A Complete Guide to Robots.txt & Why It Matters


What Is Robots.txt?

Robots.txt is a text file with instructions for search engine robots that tells them which pages they can and cannot crawl. 

These instructions are specified by “allowing” or “disallowing” the behavior of certain (or all) bots.

This is what a robots.txt file looks like:

semrush robots.txt

Robots.txt files might initially seem complicated, but the syntax (computer language) is quite simple. We’ll get into those details later.

In this article we’ll cover:

  • Why robots.txt files are important
  • How robots.txt files work
  • How to create a robots.txt file
  • Robots.txt best practices

Why Is Robots.txt Important?

A robots.txt file helps manage web crawler activities so they don’t overwork your website or index pages not meant for public view. 

Here are a few reasons why you’d want to use a robots.txt file:

1. Optimize Crawl Budget

“Crawl budget” is the number of pages Google will crawl on your site at any time. The number can vary based on your site’s size, health, and backlinks. 

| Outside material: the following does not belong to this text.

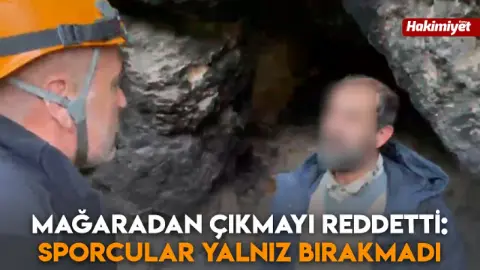 Mağaradan çıkmayı reddetti: Sporcular yalnız bırakmadı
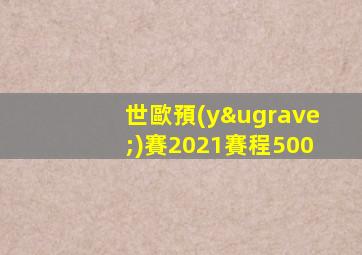 世歐預(yù)賽2021賽程500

Crawl budget is important because if your number of pages exceeds your site’s crawl budget, you’re going to have pages on your site that aren’t indexed. 

And pages that don’t get indexed aren’t going to rank for anything. 

By blocking unnecessary pages with robots.txt, Googlebot (Google’s web crawler) can spend more of your crawl budget on pages that matter. 

2. Block Duplicate & Non-Public Pages

You don’t need to allow search engines to crawl every page on your site because not all of them need to rank.

Examples include staging sites, internal search results pages, duplicate pages, or login pages. 

WordPress, for example, automatically disallows /wp-admin/ for all crawlers. 

These pages need to exist, but you don’t need them to be indexed and found in search engines. A perfect case where you’d use robots.txt to block these pages from crawlers and bots. 

3. Hide Resources

Sometimes you’ll want Google to exclude resources like PDFs, videos, and images from search results. 

Maybe you want to keep those resources private or have Google focus on more important content.

In that case, using robots.txt is the best way to prevent them from being indexed. 

How Does a Robots.txt File Work?

Robots.txt files tell search engine bots which URLs they can crawl and, more importantly, which ones they can’t. 

Search engines have two main jobs:

  1. Crawling the web to discover content
  2. Indexing content so it can be shown to searchers looking for information

As they crawl, search engine bots discover and follow links. This process takes them from site A to site B to site C across billions of links and websites. 

Upon arriving on any site, the first thing a bot will do is look for a robots.txt file.

If it finds one, it will read the file before doing anything else. 

If you recall, a robots.txt file looks like this:

google robots.txt

The syntax is very straightforward. 

You assign rules to bots by stating their user-agent (the search engine bot) followed by directives (the rules).

You can also use the asterisk (*) wildcard to assign directives to every user-agent. Meaning the rule applies to all bots, rather than a specific one. 

For example, this is what the instruction would look like if you wanted to allow all bots except DuckDuckGo to crawl your site:

robots.txt disallow

Note: While a robots.txt file provides instructions, it can’t enforce them. It’s like a code of conduct. Good bots (like search engine bots) will follow the rules, but bad bots (like spam bots) will ignore them. 

How to Find a Robots.txt File

The robots.txt file is hosted on your server, just like any other file on your website.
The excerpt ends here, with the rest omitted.